- Edison International and subsidiary Southern California Edison (SCE), the majority owner-operator of the now-shuttered 2,300 MW San Onofre Nuclear Generating Station (SONGS), is asking for $7.57 billion in damages from Mitsubishi Heavy Industries (MHI) for the Japanese company's role in the California plant’s failure, according to a filing with an international arbitrator.
- Mitsubishi argued in its filing with the International Chamber of Commerce (ICC) that its liability is contractually capped at approximately $137 million for the generator tube retrofits it performed at SONGS in 2010 and 2011.
- The tubes, when discovered to be leaking radioactive steam in 2012, led to the two-unit facility’s permanent closure in June 2013.
In MHI’s 2013 after-action assessment, both it and SCE were reported to have been aware of serious problems with the design of SONG’s replacement steam generators before they were installed, but rejected enhanced safety modifications to avoid triggering “a more rigorous license amendment and safety review process.”
The Utility Reform Network (TURN) and the California Public Utilities Commission (CPUC) Office of Ratepayer Advocates continue to push the commission to renegotiate the closure settlement with SCE and other stakeholders.

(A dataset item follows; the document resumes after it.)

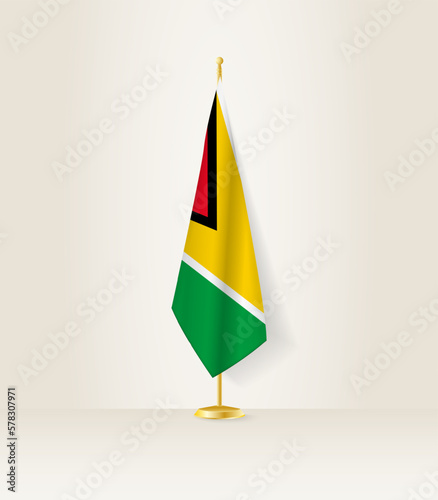 Guyana flag on a flag stand.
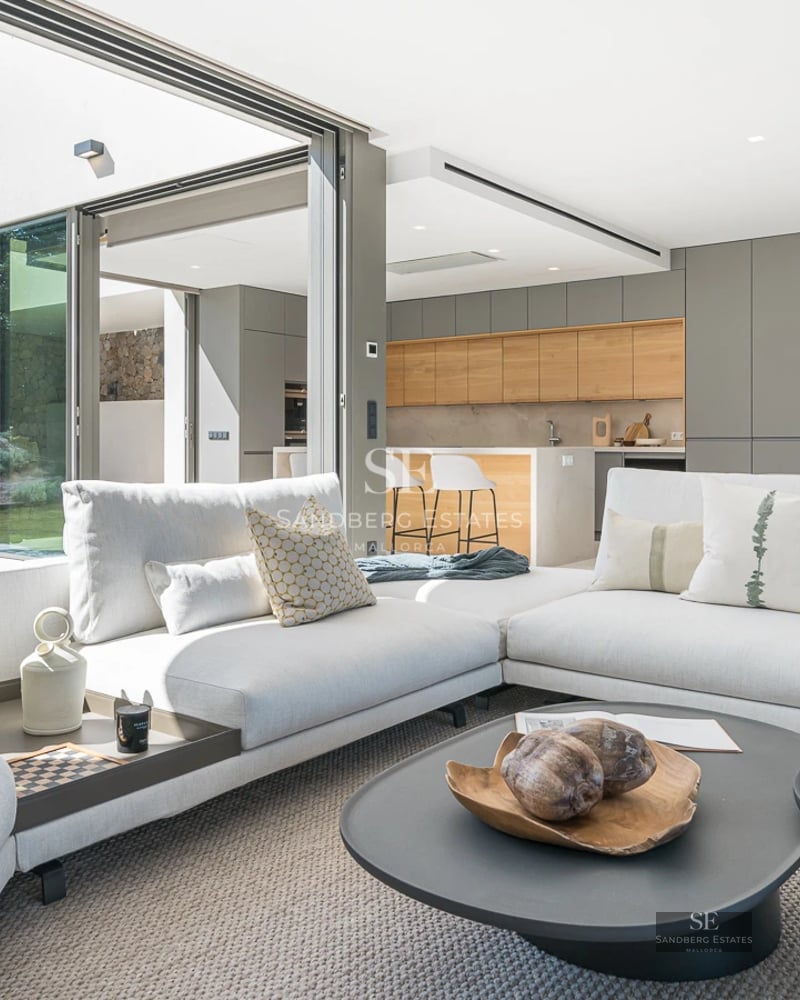 Exterior view of a modern villa featuring a pool, lush garden, and large windows. Minimalist architectural design.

It requires ratepayers to cover $3.6 billion of the utility’s $5 billion in closure-related losses. Advocates want regulators to increase the utility’s $1.4 billion portion by at least $650 million.
Investigations of former CPUC President Michael Peevey showed that the settlement was made in unethical and potentially illegal ex-parte meetings between Peevey and then-SCE Vice President Steven Pickett. Ratepayer advocates want the settlement revisited because investigators discovered an outline of it during a search of Peevey's house they say was written during a secret Peevey-Picket meeting in 2013.